PostgreSQL Histogram (for ActiveRecord)

This gem allows for you to efficiently create a histogram from large data sets in your Rails applications.

It uses PostgreSQL's width_bucket function to handle the majority of the processing in the database, and only requires 3 database queries (and only one query if min and max values are specified).

Installation

Add this line to your application's Gemfile:

gem 'pg_histogram'

And then execute:

$ bundle

Or install it yourself as:

$ gem install pg_histogram

Usage

Create a Histogram object using the following parameters:

  1. ActiveRecord Relation (query) to use.
  2. Name of column to count frequency of. Also allows for aliased queries such as 'price*discount as final_price' to create histograms on expressions.
  3. Options hash (optional). Not all combinations are allowed. For example, if :buckets is specified, :min and :max are required and :bucket_size is ignored, and calculated. If :buckets is not specified, the number of buckets depends on :bucket_size, and :min and :max are optional.
    • :buckets: number of buckets (integer)
    • :min and :max: See width_bucket's docs for exact meaning (defaults to the min and max values of the column).
    • :bucket_size: Width of each bucket (defaults to 1).

Example

Create sample data:

5.times do { Widget.create(price: 1.2) }
10.times do { Widget.create(price: 2.9 ) }

Create the histogram object:

histogram = PgHistogram::Histogram.new(Widget.all, 'price', 0.5)

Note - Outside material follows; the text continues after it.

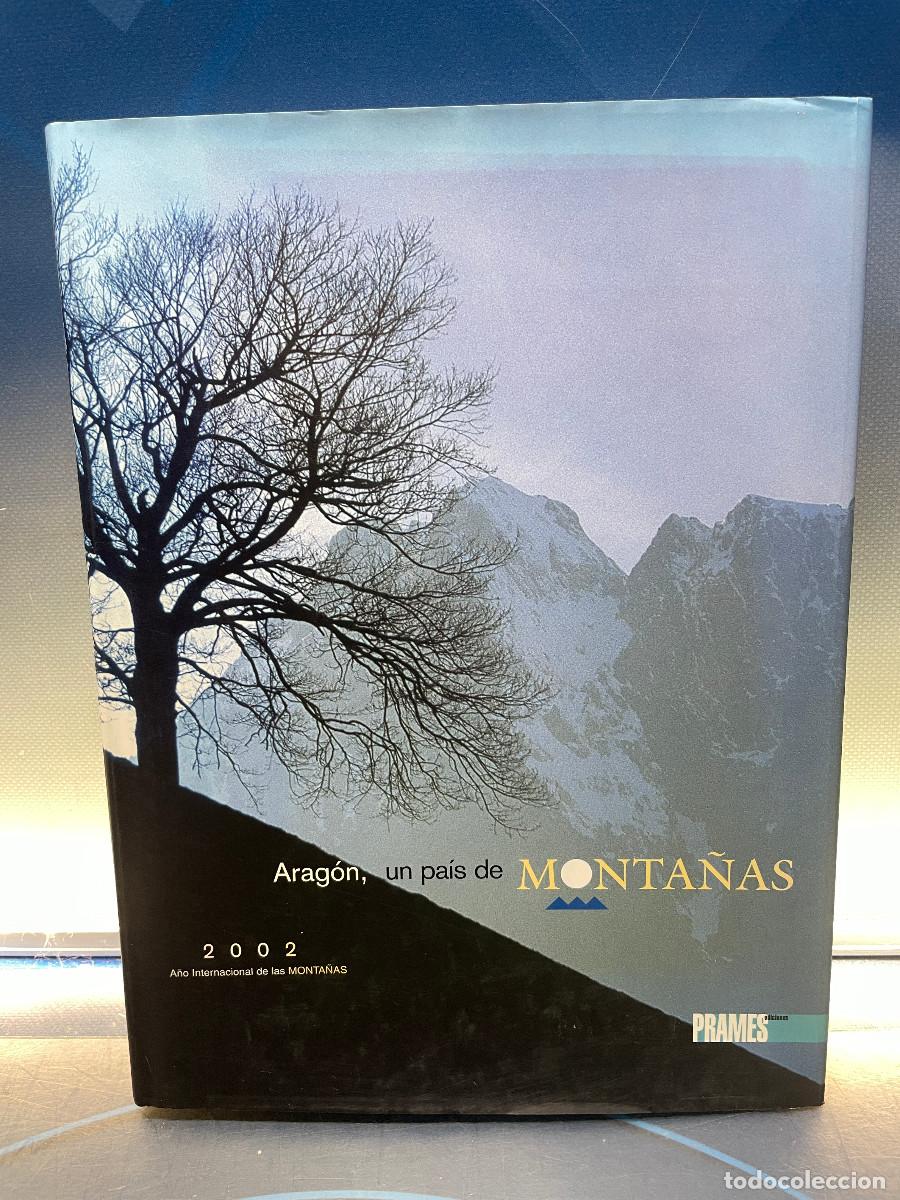 Libros de segunda mano: libro, Aragon un pais de monta&ntilde;as
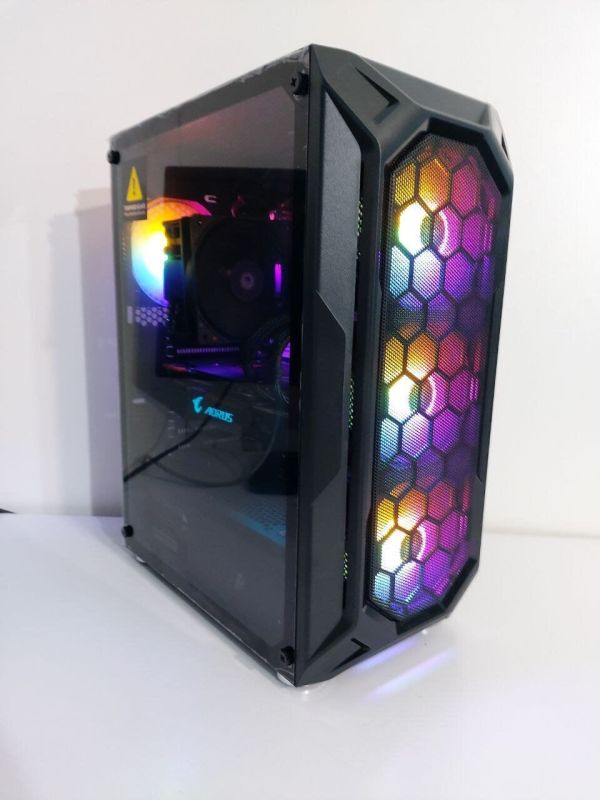 Ігровий ПК 1stPlayer X6 Fire Base Tower / Intel Core i7-6700K (4 (8) ядра по 4,0 - 4,2 ГГц) / 24 ГБ DDR4 / 512 ГБ SSD M.2 + 500 ГБ HDD / nVidia GeForce GTX 1080 Ti, 11 ГБ GDDR5X, 352-біт / 700 Вт б/в - зображення 2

Call the results method to retrieve a Hash of bucket minimums and frequency counts:

@histogram_data = histogram.results
 => {1.0=>5, 2.5=>10}

The results can be used by your favorite charting libary, such as Chartkick, to plot the data:

<%= column_chart @histogram_data %>

Dependencies

This gem has been tested with Ruby 2.1.3 and ActiveRecord 4.1.6. Please open an issue or PR if you experience issues with other versions.